# [Instructions for the task]
How do the lines below between the ones holding "A protester holds" and "A cozy outdoor", inclusive, read? Give them again exactly, with no other lines.

[Stored data entries]
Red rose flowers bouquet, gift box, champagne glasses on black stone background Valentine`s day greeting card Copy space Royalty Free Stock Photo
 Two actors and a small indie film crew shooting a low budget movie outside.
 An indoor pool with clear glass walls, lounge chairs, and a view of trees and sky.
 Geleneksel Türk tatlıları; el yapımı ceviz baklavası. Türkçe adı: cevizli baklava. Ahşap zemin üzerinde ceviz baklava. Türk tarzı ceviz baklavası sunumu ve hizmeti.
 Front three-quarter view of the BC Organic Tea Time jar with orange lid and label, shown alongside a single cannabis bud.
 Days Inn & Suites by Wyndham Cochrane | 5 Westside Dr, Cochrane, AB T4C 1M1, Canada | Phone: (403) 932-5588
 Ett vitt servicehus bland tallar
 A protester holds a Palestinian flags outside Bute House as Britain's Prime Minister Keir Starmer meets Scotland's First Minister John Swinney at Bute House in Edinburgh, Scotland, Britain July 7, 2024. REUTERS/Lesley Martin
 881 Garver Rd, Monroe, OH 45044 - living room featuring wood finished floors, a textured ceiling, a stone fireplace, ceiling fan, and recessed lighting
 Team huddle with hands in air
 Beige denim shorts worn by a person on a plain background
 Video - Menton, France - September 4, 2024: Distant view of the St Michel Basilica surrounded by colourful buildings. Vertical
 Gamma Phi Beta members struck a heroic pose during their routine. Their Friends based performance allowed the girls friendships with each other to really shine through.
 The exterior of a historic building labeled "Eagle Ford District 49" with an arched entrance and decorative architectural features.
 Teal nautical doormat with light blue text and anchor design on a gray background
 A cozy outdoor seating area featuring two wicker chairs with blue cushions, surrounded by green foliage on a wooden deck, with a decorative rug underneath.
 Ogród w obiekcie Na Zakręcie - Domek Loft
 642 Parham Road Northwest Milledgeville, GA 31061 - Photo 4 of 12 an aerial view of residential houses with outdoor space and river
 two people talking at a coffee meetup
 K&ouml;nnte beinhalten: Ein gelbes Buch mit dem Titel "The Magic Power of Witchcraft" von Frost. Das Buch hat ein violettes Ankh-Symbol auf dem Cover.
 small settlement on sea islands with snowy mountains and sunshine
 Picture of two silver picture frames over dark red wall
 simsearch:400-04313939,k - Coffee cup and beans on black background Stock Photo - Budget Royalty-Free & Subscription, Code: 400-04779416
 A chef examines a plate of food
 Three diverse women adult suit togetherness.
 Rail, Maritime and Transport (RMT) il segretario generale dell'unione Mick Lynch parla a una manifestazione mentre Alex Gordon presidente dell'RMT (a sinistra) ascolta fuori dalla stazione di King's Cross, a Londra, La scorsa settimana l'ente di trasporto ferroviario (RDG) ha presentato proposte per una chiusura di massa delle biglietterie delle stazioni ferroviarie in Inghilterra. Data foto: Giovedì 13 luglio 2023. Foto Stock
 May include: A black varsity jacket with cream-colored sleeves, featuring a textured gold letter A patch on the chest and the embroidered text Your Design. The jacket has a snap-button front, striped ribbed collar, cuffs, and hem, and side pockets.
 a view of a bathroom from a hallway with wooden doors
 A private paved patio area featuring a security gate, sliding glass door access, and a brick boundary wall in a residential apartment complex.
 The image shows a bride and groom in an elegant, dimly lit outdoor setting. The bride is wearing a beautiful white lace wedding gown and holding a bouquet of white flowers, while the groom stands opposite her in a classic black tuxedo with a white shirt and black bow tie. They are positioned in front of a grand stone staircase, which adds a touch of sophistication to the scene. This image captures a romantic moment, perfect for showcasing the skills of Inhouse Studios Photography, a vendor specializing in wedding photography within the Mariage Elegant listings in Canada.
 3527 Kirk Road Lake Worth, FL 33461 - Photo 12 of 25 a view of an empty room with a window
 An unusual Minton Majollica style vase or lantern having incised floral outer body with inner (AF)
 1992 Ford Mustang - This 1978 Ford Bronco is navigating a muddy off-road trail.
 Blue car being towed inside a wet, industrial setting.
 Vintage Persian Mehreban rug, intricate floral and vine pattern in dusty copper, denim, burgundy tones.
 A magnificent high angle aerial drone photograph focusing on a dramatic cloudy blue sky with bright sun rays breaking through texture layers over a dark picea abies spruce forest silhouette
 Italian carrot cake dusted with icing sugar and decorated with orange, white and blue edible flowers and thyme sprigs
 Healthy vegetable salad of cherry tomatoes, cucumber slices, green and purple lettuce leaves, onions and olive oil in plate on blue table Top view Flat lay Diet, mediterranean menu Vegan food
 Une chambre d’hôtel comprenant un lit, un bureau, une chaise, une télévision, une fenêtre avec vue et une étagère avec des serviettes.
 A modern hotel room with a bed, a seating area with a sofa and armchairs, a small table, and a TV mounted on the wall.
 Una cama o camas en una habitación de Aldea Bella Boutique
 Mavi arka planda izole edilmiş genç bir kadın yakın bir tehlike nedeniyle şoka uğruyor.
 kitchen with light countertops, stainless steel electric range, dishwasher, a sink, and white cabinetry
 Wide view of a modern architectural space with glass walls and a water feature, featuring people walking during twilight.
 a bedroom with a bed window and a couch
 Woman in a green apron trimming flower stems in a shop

# [Answer to the problem]
 A protester holds a Palestinian flags outside Bute House as Britain's Prime Minister Keir Starmer meets Scotland's First Minister John Swinney at Bute House in Edinburgh, Scotland, Britain July 7, 2024. REUTERS/Lesley Martin
 881 Garver Rd, Monroe, OH 45044 - living room featuring wood finished floors, a textured ceiling, a stone fireplace, ceiling fan, and recessed lighting
 Team huddle with hands in air
 Beige denim shorts worn by a person on a plain background
 Video - Menton, France - September 4, 2024: Distant view of the St Michel Basilica surrounded by colourful buildings. Vertical
 Gamma Phi Beta members struck a heroic pose during their routine. Their Friends based performance allowed the girls friendships with each other to really shine through.
 The exterior of a historic building labeled "Eagle Ford District 49" with an arched entrance and decorative architectural features.
 Teal nautical doormat with light blue text and anchor design on a gray background
 A cozy outdoor seating area featuring two wicker chairs with blue cushions, surrounded by green foliage on a wooden deck, with a decorative rug underneath.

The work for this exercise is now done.